Главную роль играют пропаганда и дисциплинарное принуждение, которое в российской традиции даже не всегда воспринимается как насилие: это в первую очередь обязательные образовательные программы.
Но это лишь симптомы, а не причина поворота к тоталитаризму. Причина в том, что в феврале и сентябре 2022 года (начало СВО и частичная мобилизация) оказалась резко ослаблена легитимность власти, на что указали и проводившиеся после этих событий социологические опросы.
Двойственная легитимность Путина
Понятие «легитимность» вопреки своему корню lex, lege используется не в юриспруденции, а в политологии, но в первую очередь — в социологии права. Легитимность отсылает к фикции общественного договора и в самом общем виде подразумевает меру одобрения власти со стороны «народа» или сообщества: до каких пор и в обмен на что они готовы вот эту конкретную власть поддерживать или терпеть.
Термин «легитимность» в социологию ввел Макс Вебер, выделивший три типа власти: традиционную, рациональную и харизматическую.

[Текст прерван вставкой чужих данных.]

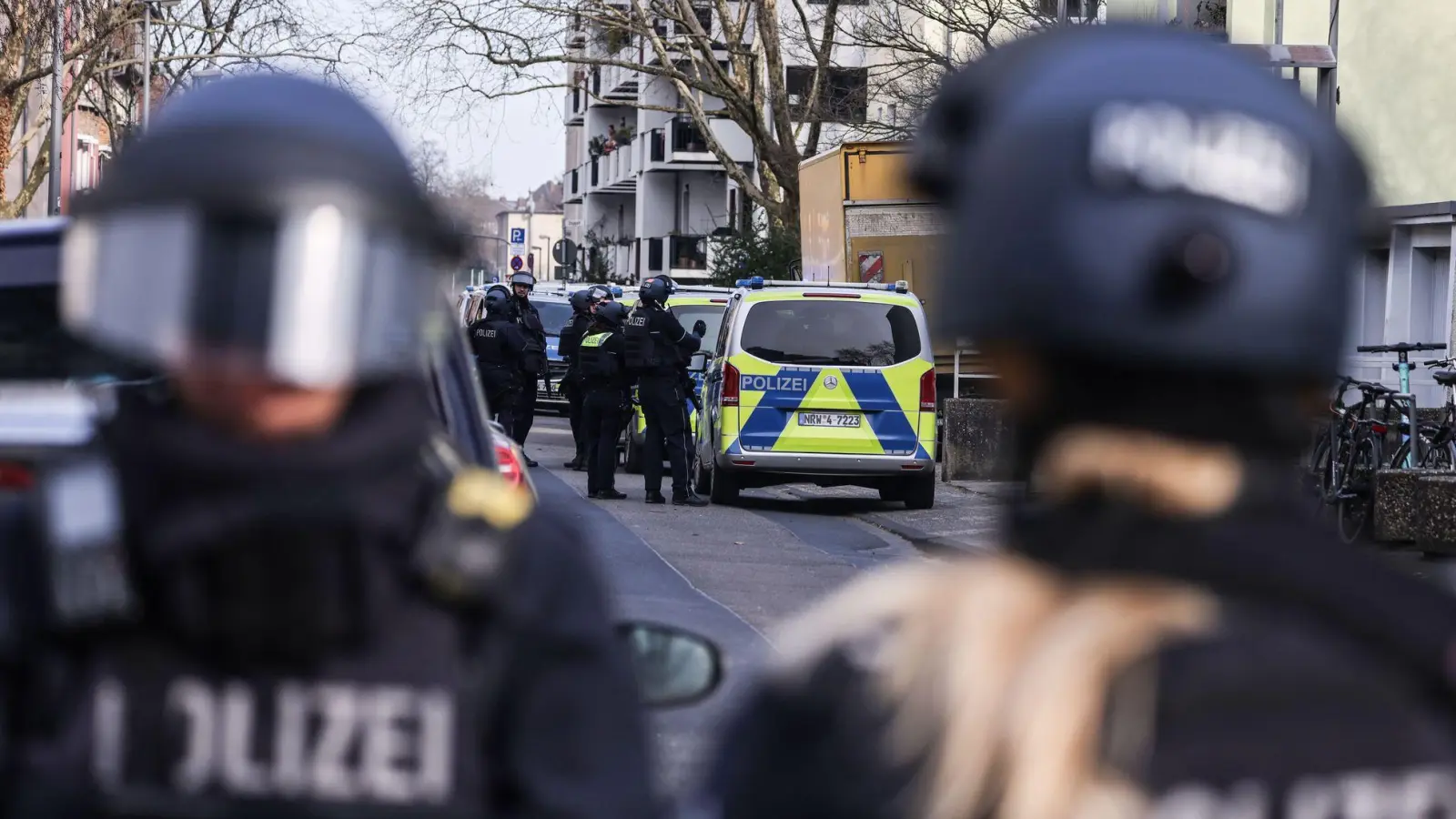 Der Schütze ist weiter flüchtig. (Foto: Oliver Berg/dpa)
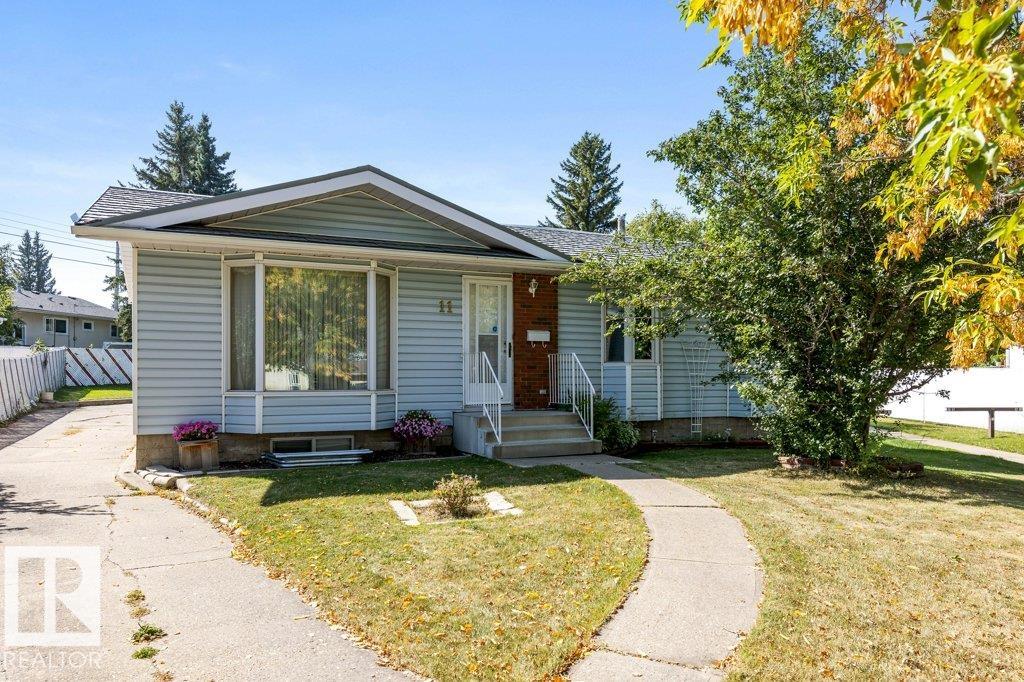 11 Sage Co Ct, Sherwood Park, AB T8A 1S1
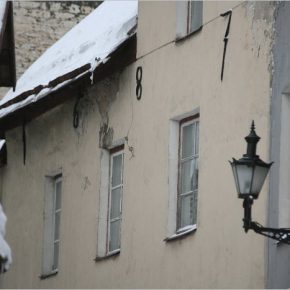 Выложенная из анкерных скреп дата перестройки дома на улице Лаборатоориуми. Фото: (с) Александр Гужов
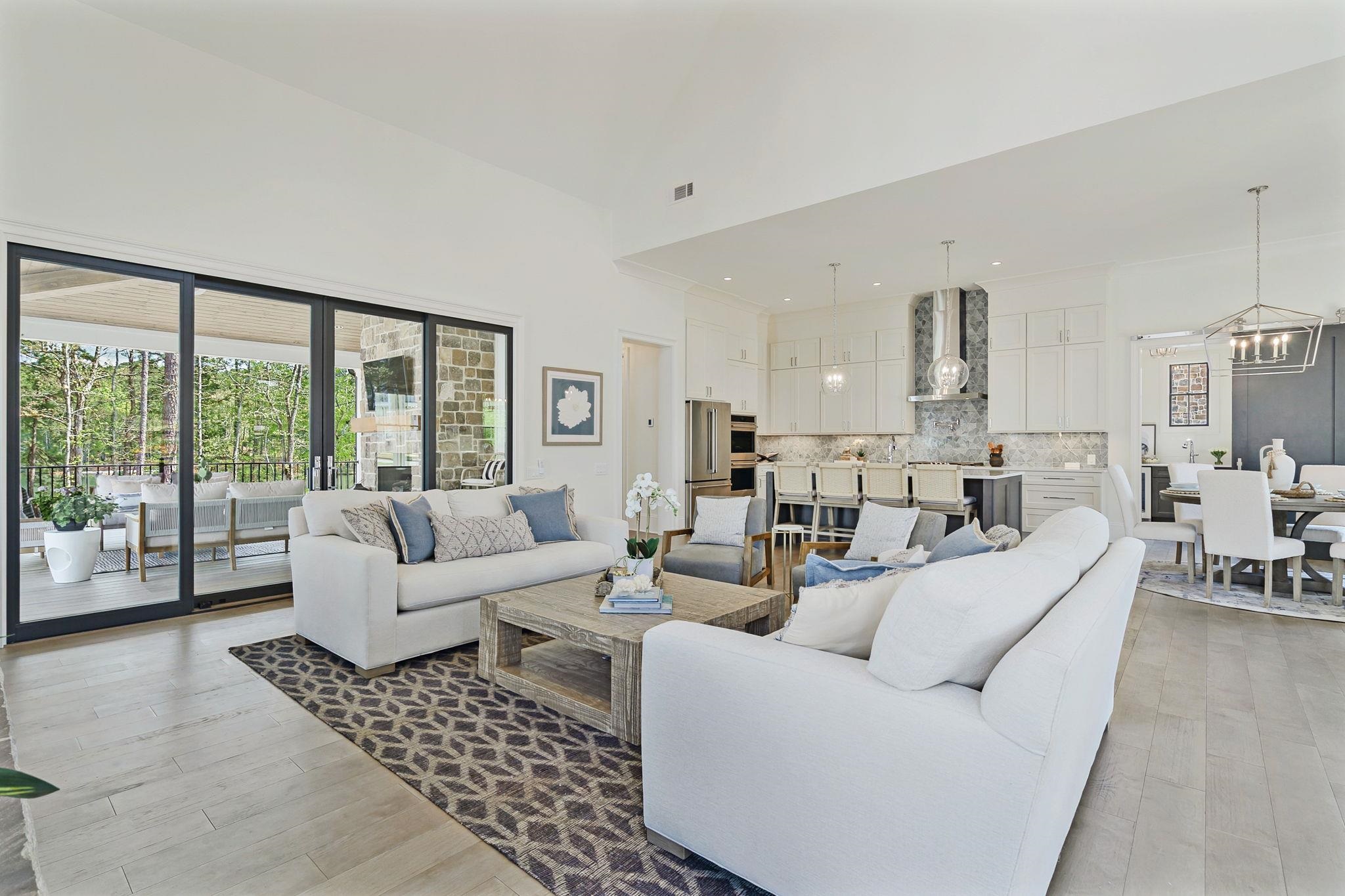 1091 LONGVIEW COMMONS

Современный российский исследователь Андрей Медушевский говорит о возможности комбинирования разных типов власти, когда недостаток, например, рациональной легитимности может компенсироваться традицией или харизмой лидера.
Раиса Горбачева, Владимир Путин, Михаил Горбачев. 1994 год. Фото: Zuma \ TASS
Намного раньше, чем Вебер придумал сам этот термин, фокус легитимности раскусили сказочники: сюжет про голого короля известен в европейском фольклоре по крайней мере с XIV века. Легитимность может рухнуть лавинообразно, как мы это увидели в 90-е годы на примере Горбачева, а затем и Ельцина.
Популярность Владимира Путина изначально основывалась на росте уровня жизни в нулевые годы, но главным образом — на его харизме, пусть и наведенной политтехнологами. После начала экономической стагнации этот же тип легитимности был обновлен присоединением Крыма в 2014 году.
В феврале 2022 года ставка была сделана на столь же мгновенную и бескровную победу, но этот план провалился, и Кремль резко усилил начавшуюся с поправок в Конституцию 2020 года операцию по замене (или дополнению) харизматической легитимности Путина традиционалистской.
Эта сложная операция едва ли бы удалась, если бы в России не было давней традиции авторитаризма и тоталитаризма. Однако прежде чем обратиться к этой стороне вопроса подробней, надо указать на двойственную легитимность Путина: в нынешнем виде она имеет традиционалистскую природу для «народа», но рациональную — для путинских элит.
По Веберу, рациональная легитимность тождественна правовой: это общественный договор о том, что действовать в соответствии с законом для всех — самый рациональный способ общественного устройства. Я позволю себе дополнить Вебера, которому в начале ХХ века в Германии такая мысль просто вряд ли пришла бы в голову: рациональная легитимность может быть основана не только на законах, но и на «понятиях» — главное, чтобы были четко расставлены и не передвигались в одностороннем порядке флажки, обозначающие границы дозволенного и запретного.
После первого шока весной и летом 2022 года путинские элиты (включая региональные и отраслевые) приспособились к «новой нормальности» СВО, а некоторые «счастливчики» стали извлекать из нее материальные выгоды. В обмен на это они выучили тексты про традиционные ценности и продвигают их по принципу «кашу маслом не испортишь». Опасаются ли они верхушечных репрессий, которыми время от времени бодрит элиты Кремль, или делают это искренне, и насколько? Психологически это чрезвычайно сложный, но и настолько же важный вопрос, от ответа на который может зависеть будущее страны.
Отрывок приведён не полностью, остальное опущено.